There is an experience I’m looking forward to this week that I hope will be totally pure, divorced of marketing gimmicks and about nothing more than watching one of the greatest bands of our time play their music. I hope Wilco rocks our collective Whole Foods-shopping, organic-eating, supplement-taking asses off Tuesday and Wednesday at the 9:30 Club. See you there.
I'll leave the post-game analysis to the pundits. I'm told I was pretty bad, but not bad enough to take home Lord Ramsey's Cup two years running. Even though I was a little sad to hand it over, I'm OK with it. Really. I got beat by a very worthy adversary. I still hold my head high that I put in a performance that would make the trophy's namesake proud. I'm optimistic for the future; I'm told I'm a natural at this bad singing thing.

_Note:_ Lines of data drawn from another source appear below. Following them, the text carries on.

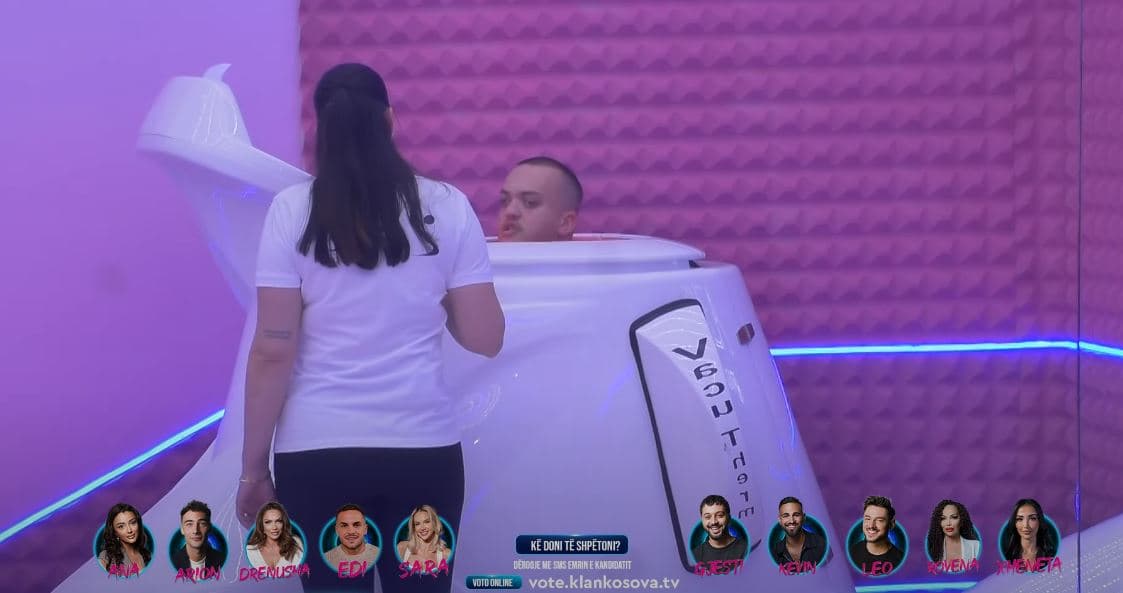 "Nea Body Center"- Mbështetja ideale për Burimin në rrugëtimin e tij drejt humbjes së peshës (VIDEO)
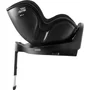 Scaun auto rotativ cu baza, Britax Römer, 0 luni - 4 ani, Isofix, DUALFIX PRO i-Size, Deep Black - 6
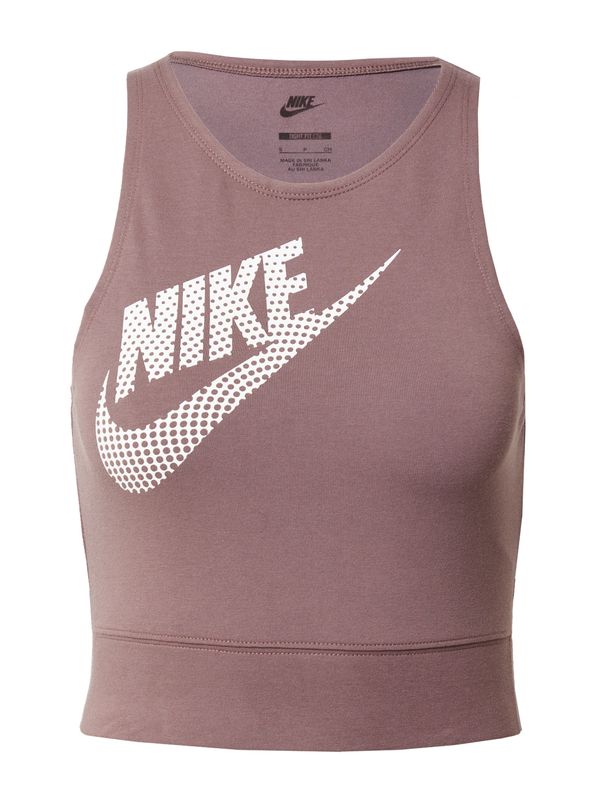 Nike Sportswear Nike Sportswear Top  mauve / bela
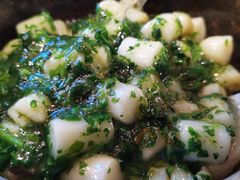 荠菜鲜贝-三凤酒家·百年无锡菜(清扬茂业店)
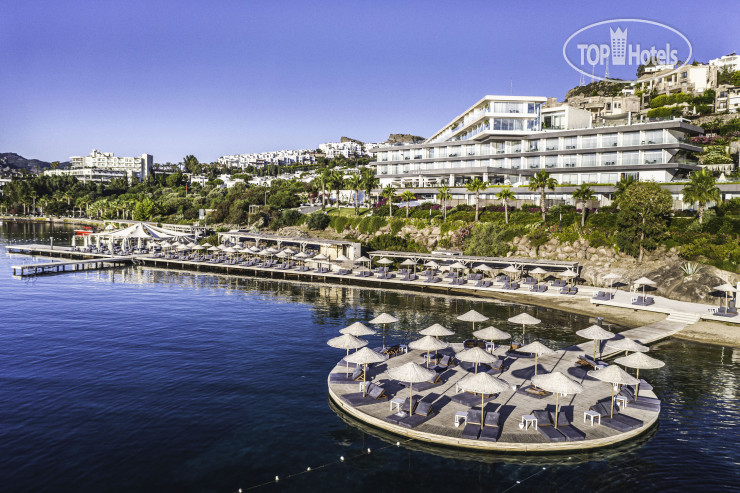 Hotelier's photos Cape Bodrum Luxury Hotel & Beach 5*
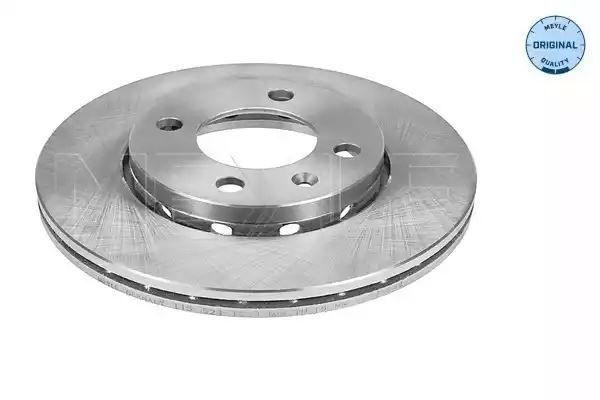 TARCZA HAMULCOWA PRZÓD VW POLO LUPO MEYLE 1155211020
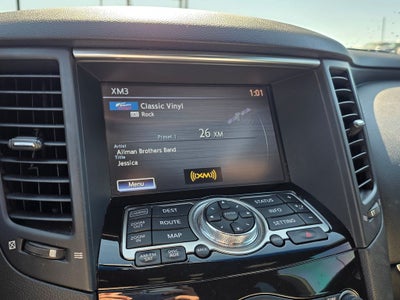 2017 INFINITI QX70 Base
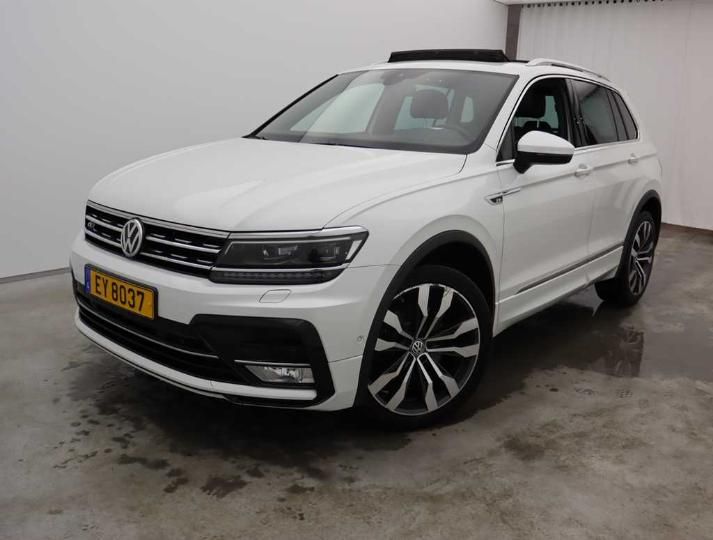 VOLKSWAGEN TIGUAN&#3916 2016 wvgzzz5nzhw852100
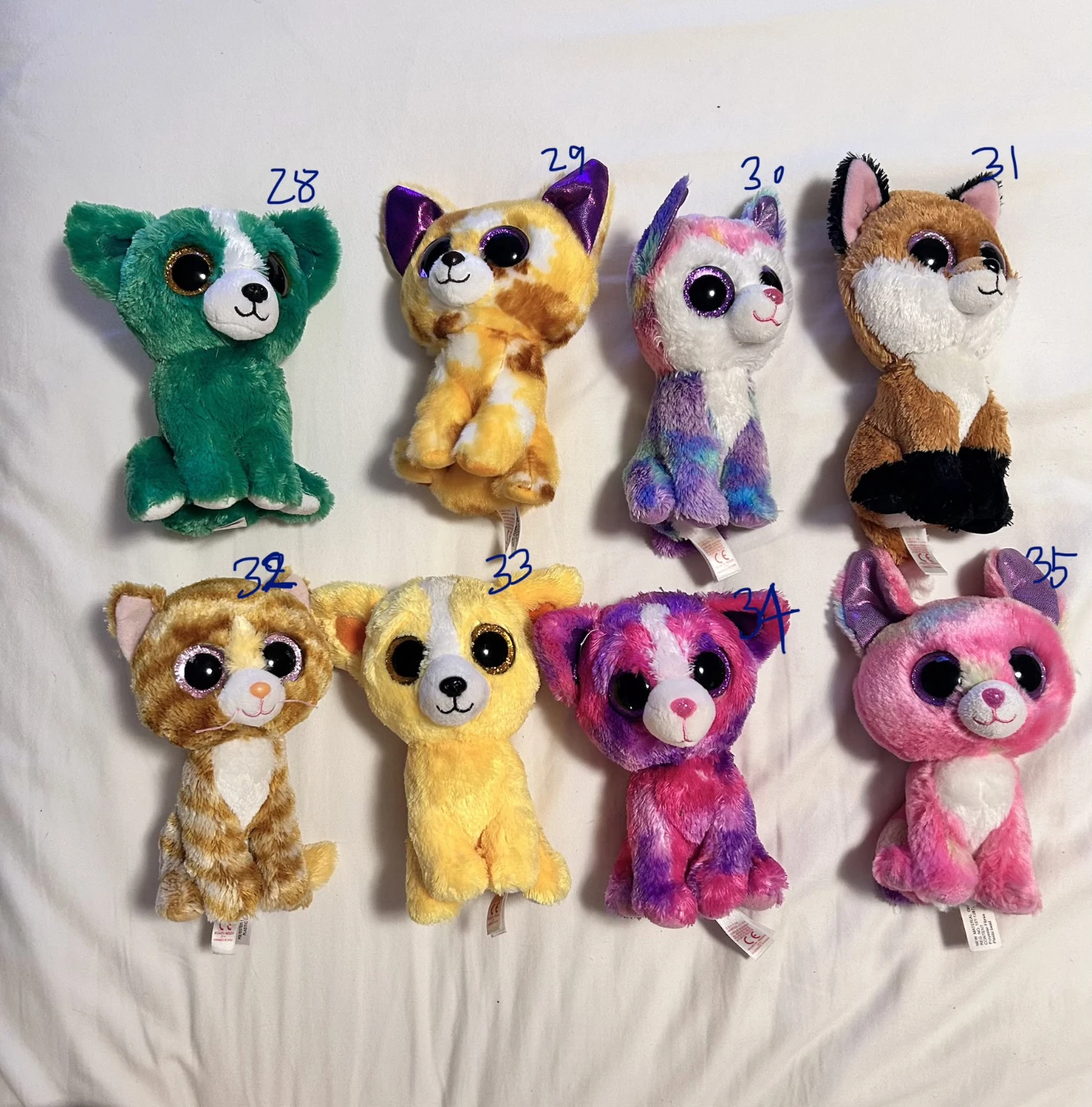 Selling My Adorable Ty Beanie Boos Dog Collection! Must See! - photo 4
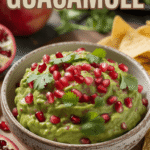 Pomegranate Guacamole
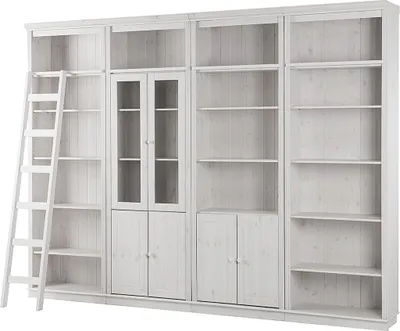 Produktbild von home24 Bücherwand - Kiefer Massiv - Typ G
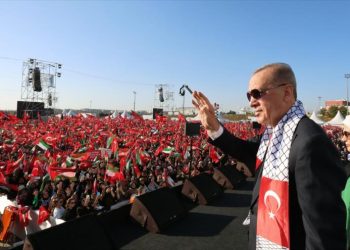 Erdogan amenaza a Israel: podemos llegar a Gaza cualquier noche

I'm equally proud of the setlist I scrawled on a piece of paper that I brought with me to the Rock-it-Grill. I decided to make a game-time decision on songs. The list I considered:
Maneater, Hall and Oates: I began thinking about this song around a debate on Jodi's blog (Maneater vs. Sara, Smile/Little Red Corvette vs. I Could Never Take the Place of Your Man). And I really wanted to sing the line where one of them (Hall? Oates?) yells "woman is wild oooooh." But there's a long musical break in that song. And I do not enjoy being on stage with nothing left to do but construct awkward/ironic dance moves.
September Gurls, Big Star. I've said before that this is one of those songs that if you don't like, I don't like you. I've always wanted to sing this song, and I'm fairly certain I could mangle it. Especially on the "ooooo when she makes love to me" part. But I passed on it. Unlikely a townie karaoke bar is going to have this in their repertoire. Here's a cover by Susanna Hoffs. If you need proof of God, watch this:
I'm on Fire, Bruce Springsteen: I started to think about this song for KttD around Thanksgiving, when I sang it with one of Yo Han's brothers, who claimed he was intentionally experimenting with atonal vocals. I ran it by Hot Rod, whose first reaction was "too creepy," so I took a pass.
Poison, Bel Biv Devoe: I'd like to think I've got the balls to sing this in front of a hostile audience, but I don't.
Sick of Myself, Matthew Sweet: This is another one of those songs I love, but upon further reflection wouldn't make a good Karaoke to the Death selection. It's too sad-lovelorn-bastard to win.
So in the end, I settled on Jackson Browne's Somebody's Baby. Although I'm told by some that it was worse than my award-winning performance last year, I enjoyed every moment of being up there. Excelsior! as the kids say.